Ask HN: How to explain / 'prove' to friends FB is not listening via phone - joshdance
Lots of my friends believe FB is listening to them, and serving them ads based on their conversations IRL.<p>Any good articles or studies showing this is not the case?
======
Lordarminius
Your question is biased because you assume FB / Google / OEM manufacturers and
whoknowswhoelse are not listening in on private conversations. A lot of people
think they are. It is unwise to discount their suspicions

------
natdempk
There was a pretty decent Reply All podcast about this:
[https://gimletmedia.com/shows/reply-all/z3hlwr/109-is-
facebo...](https://gimletmedia.com/shows/reply-all/z3hlwr/109-is-facebook-
spying-on-you)

In short, you can't. People want to believe what they want to believe. Maybe
if you have someone receptive you can explain the absurd number of
correlations advertisers can make from your profile, and the fact that a guess
only has to be right once for it to see like Facebook is listening to you
while advertisers make tens or hundreds of guesses every day. No one wants to
hear this explanation though, so I wouldn't expect to convince anyone. :)

------
tonteldoos
A quick google suggests there are just as many articles saying that it IS the
case (especially when you broaden it to include Google/Amazon/etc).

Some have pretty convincing anecdata backing up the theory.

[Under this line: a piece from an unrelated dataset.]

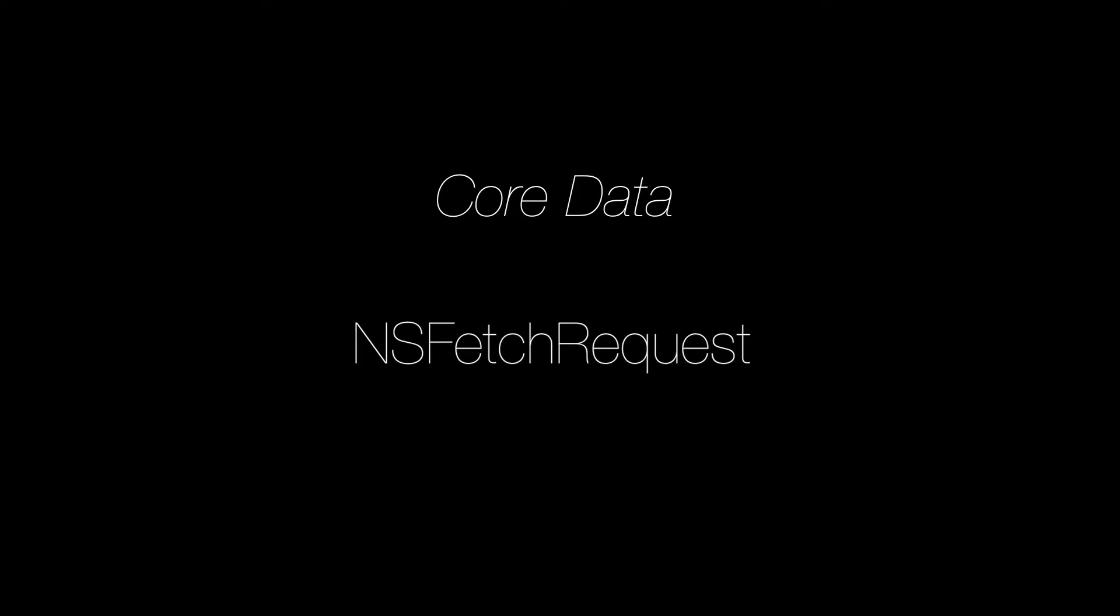When you're fetching objects from Core Data, you want to be really intentional about which objects you're fetching and which order they come back in. In this video, we're going to learn how to use NSFetch requests with predicates and sort descriptors to control how Core Data retrieves our objects out of the database.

I'm not sure that you can prove/disprove it, without actual insider
knowledge...

------
k4ch0w
Buy a burner phone with cash in a different city that you live in. Install
Facebook. Start a Netflix binge session show that is purely in Chinese or
Japanese. Do nothing else then open a url with a lot of ads.

------
thedevindevops
Brace yourself:
[https://www.facebook.com/about/privacy/update](https://www.facebook.com/about/privacy/update)

------
PerfectElement
You can try to use some common sense. The risk of a security researcher
finding out about it, or of a whistleblower coming out is too high. Something
like that would not pass a risk-benefit analysis in any stretch of the
imagination, specially for a company that already collects huge amounts of
data from their users.

I don't think this is something Facebook would be able to come back from.

------
muzani
It actually seems easier to prove how to do this. I might actually hack
together an app that listens in on conversations and transcribes it to profile
a user. And then demonstrate how hard or easy it is.

------
tjkrusinski
Try saying the name of various products/brands out loud and then documenting
if you see ads for those products?

------
HNLurker2
Haha so relatable. Do you work for Facebook?